### GIVEN INFORMATION
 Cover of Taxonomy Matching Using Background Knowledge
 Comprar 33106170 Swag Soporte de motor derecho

---

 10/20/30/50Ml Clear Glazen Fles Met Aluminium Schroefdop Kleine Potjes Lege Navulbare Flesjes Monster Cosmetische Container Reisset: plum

...

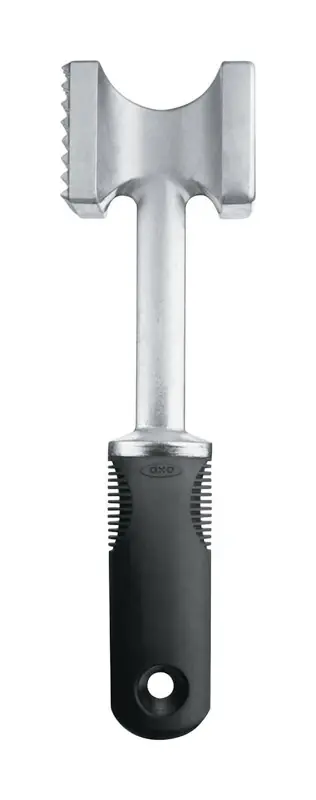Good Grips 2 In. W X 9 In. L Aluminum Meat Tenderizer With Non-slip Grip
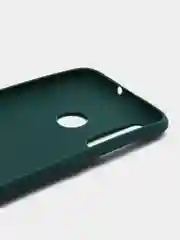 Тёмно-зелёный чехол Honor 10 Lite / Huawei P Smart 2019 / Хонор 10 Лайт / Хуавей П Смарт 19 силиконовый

### EXERCISE GOAL
Give an exact copy of the lines above from the line with "Cover of Taxonomy" up to and including the line with "Comprar 33106170 Swag", and leave everything else out.

### TASK ANSWER
 Cover of Taxonomy Matching Using Background Knowledge
 Comprar 33106170 Swag Soporte de motor derecho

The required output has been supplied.